====== Supplied records

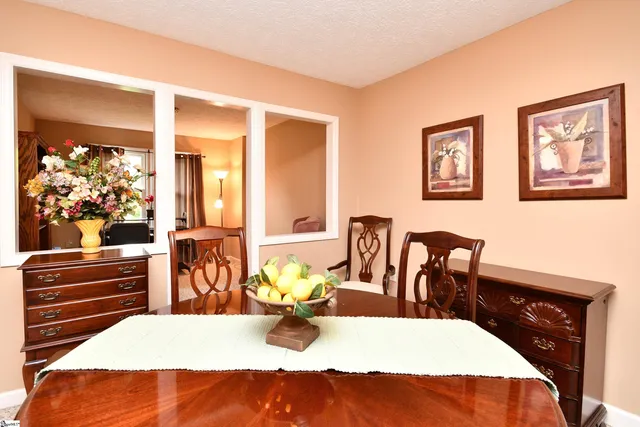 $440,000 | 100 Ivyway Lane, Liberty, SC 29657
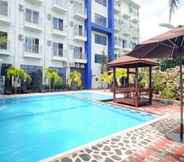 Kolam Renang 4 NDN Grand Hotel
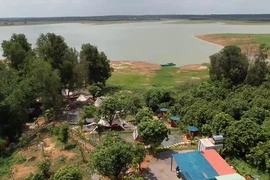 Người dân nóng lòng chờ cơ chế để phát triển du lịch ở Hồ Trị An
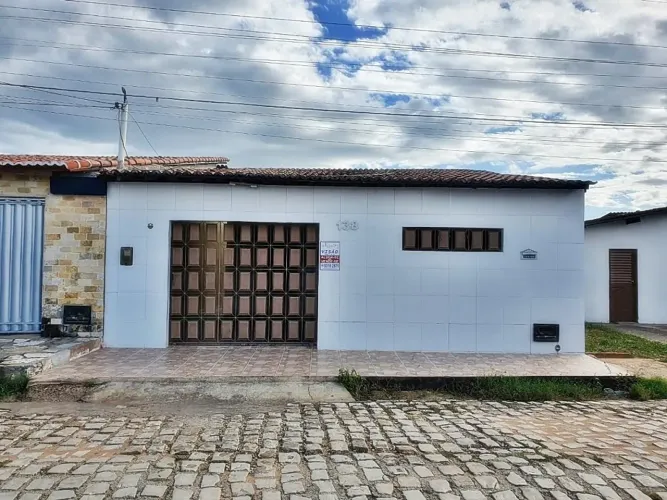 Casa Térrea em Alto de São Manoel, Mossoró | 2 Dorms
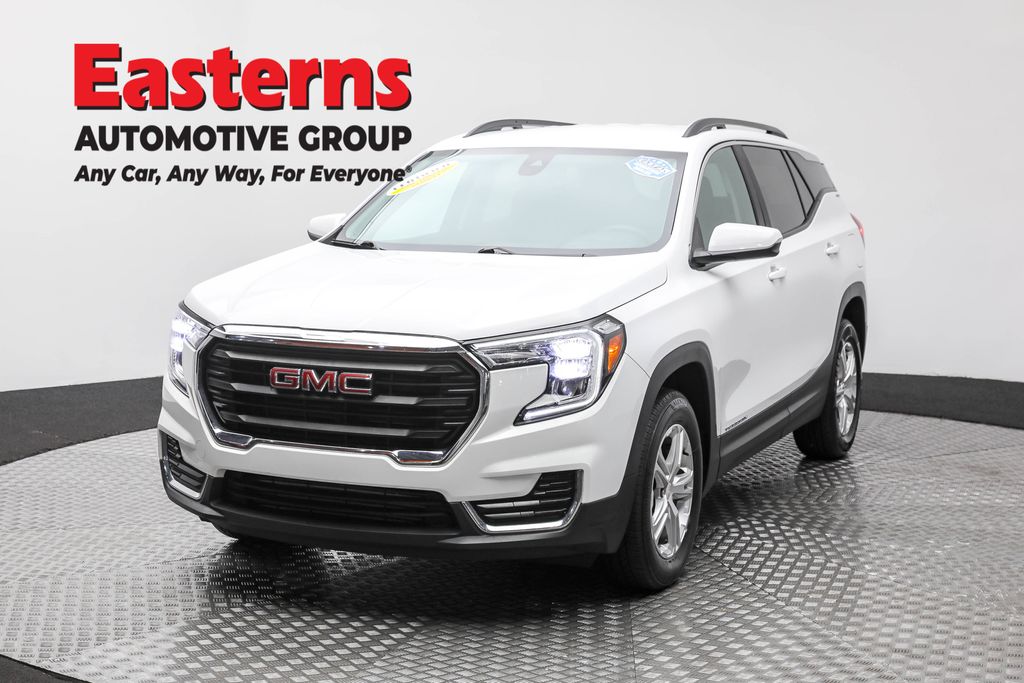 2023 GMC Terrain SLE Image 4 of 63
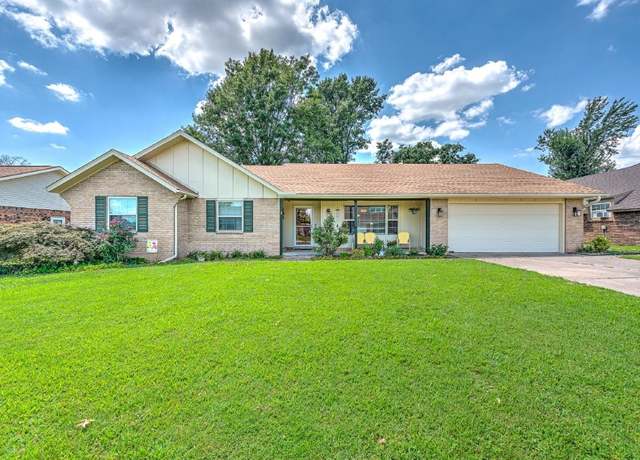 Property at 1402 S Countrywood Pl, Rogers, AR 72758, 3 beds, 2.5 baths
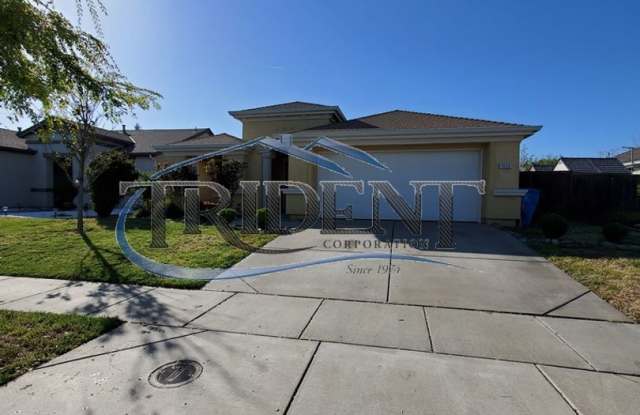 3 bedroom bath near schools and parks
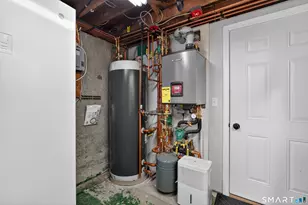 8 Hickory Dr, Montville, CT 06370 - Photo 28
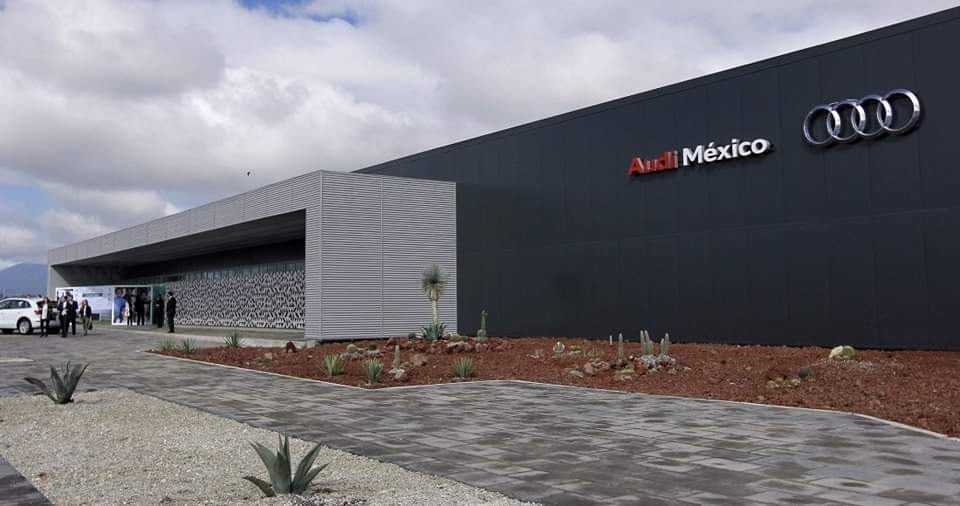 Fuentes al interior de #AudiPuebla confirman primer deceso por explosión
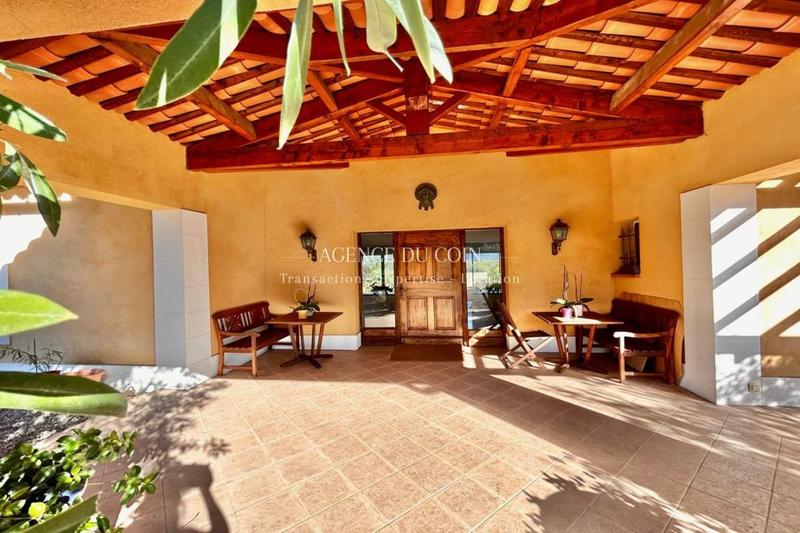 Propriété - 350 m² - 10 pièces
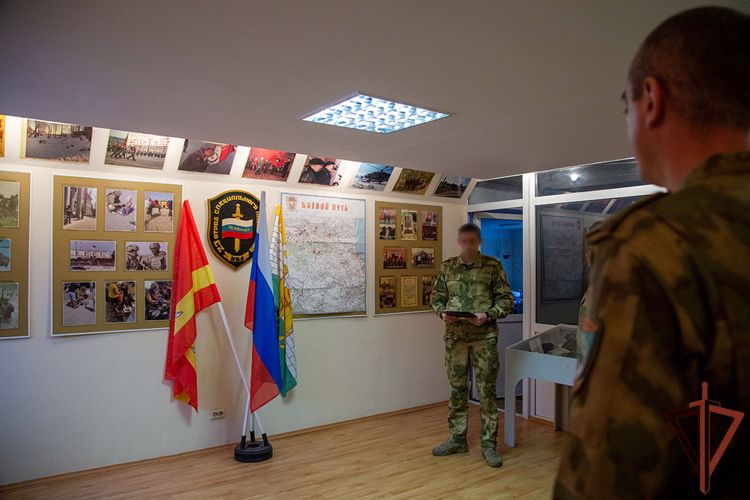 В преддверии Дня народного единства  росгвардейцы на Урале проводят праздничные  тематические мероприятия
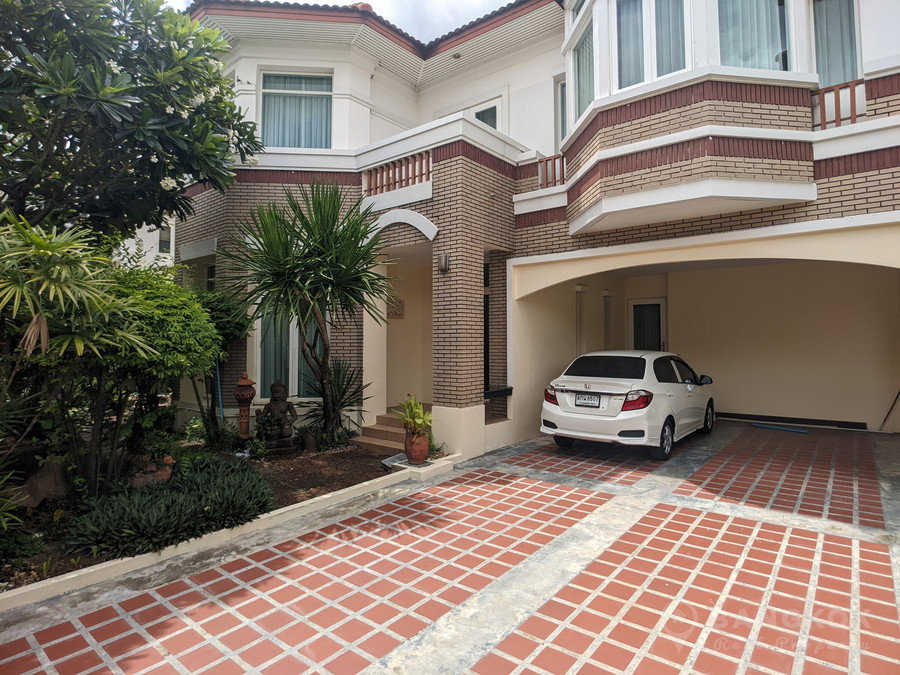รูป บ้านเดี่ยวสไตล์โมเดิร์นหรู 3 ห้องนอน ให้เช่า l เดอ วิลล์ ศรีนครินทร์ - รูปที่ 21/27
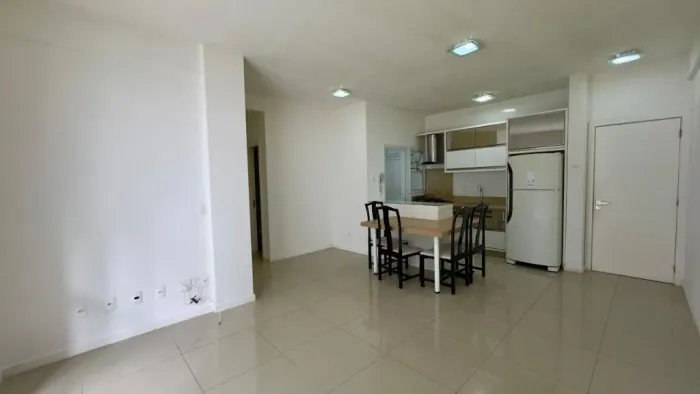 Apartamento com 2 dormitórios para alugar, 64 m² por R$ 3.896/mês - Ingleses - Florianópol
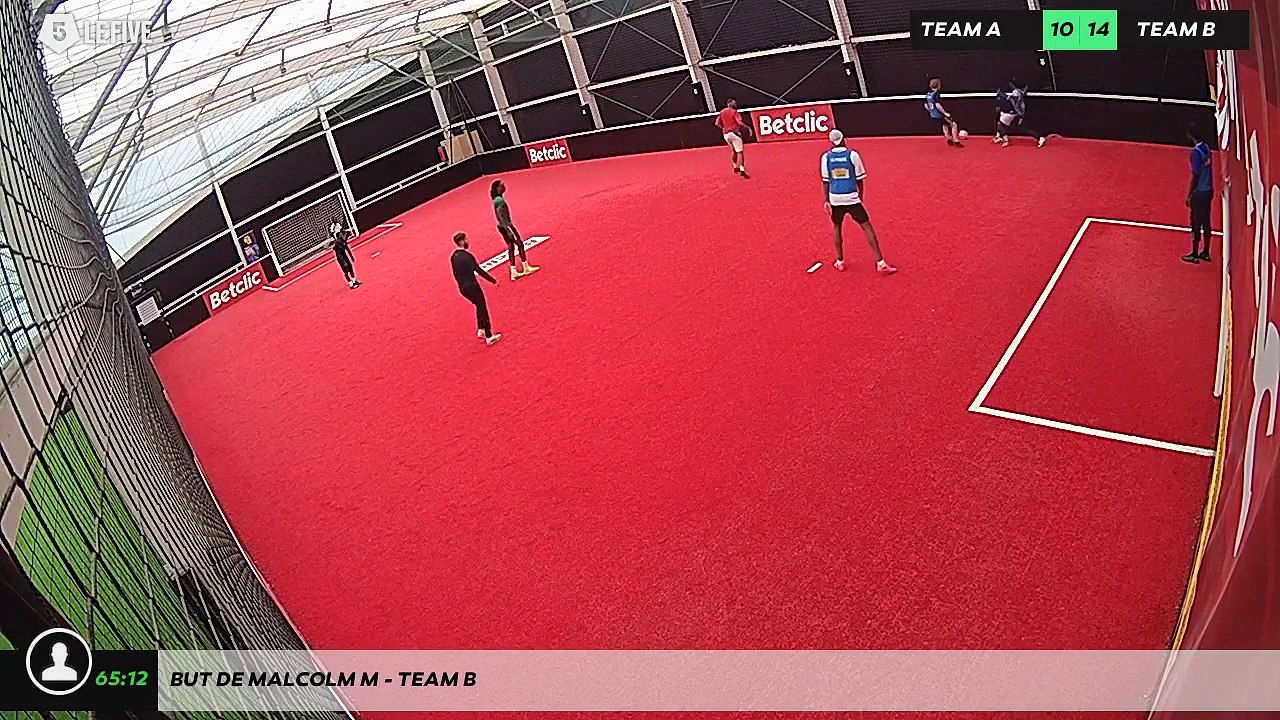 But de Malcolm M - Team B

============

*Problem*:
Print again, word for word, every line from the line with "รูป บ้านเดี่ยวสไตล์โมเดิร์นหรู 3" to the final line of the records, inclusive; skip the pictures.

*Solution for this problem*:
รูป บ้านเดี่ยวสไตล์โมเดิร์นหรู 3 ห้องนอน ให้เช่า l เดอ วิลล์ ศรีนครินทร์ - รูปที่ 21/27
 Apartamento com 2 dormitórios para alugar, 64 m² por R$ 3.896/mês - Ingleses - Florianópol
 But de Malcolm M - Team B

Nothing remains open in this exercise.